_Prompt_
Under this line sits a listing. Repeat exactly and only its lines from the one holding "column with Cup" through the one holding "Site from the"; skip pictures.

_Input data_
________________

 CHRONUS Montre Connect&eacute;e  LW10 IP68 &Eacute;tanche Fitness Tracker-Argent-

________________

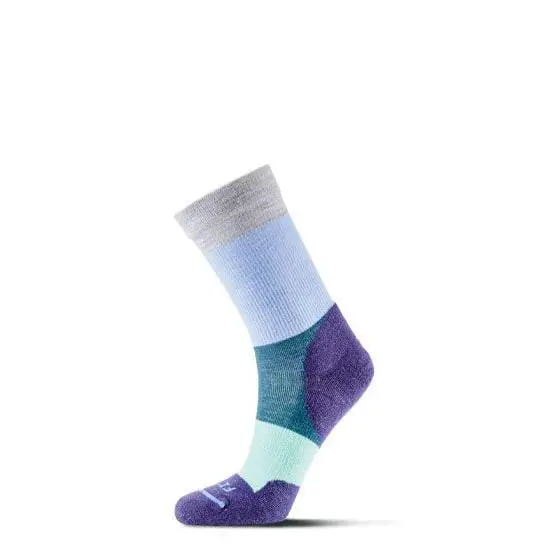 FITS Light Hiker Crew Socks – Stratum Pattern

________________

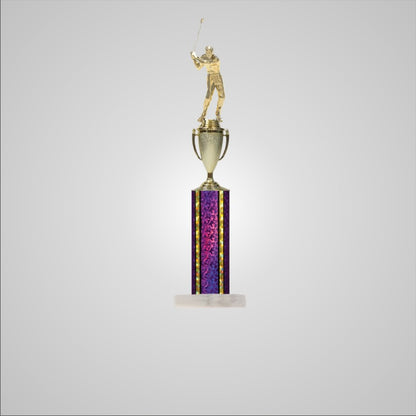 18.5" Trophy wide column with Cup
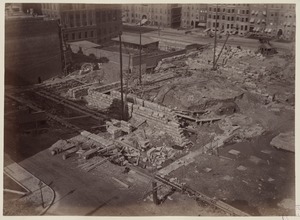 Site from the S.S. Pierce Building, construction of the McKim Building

________________

_Solution to this task_
 18.5" Trophy wide column with Cup
 Site from the S.S. Pierce Building, construction of the McKim Building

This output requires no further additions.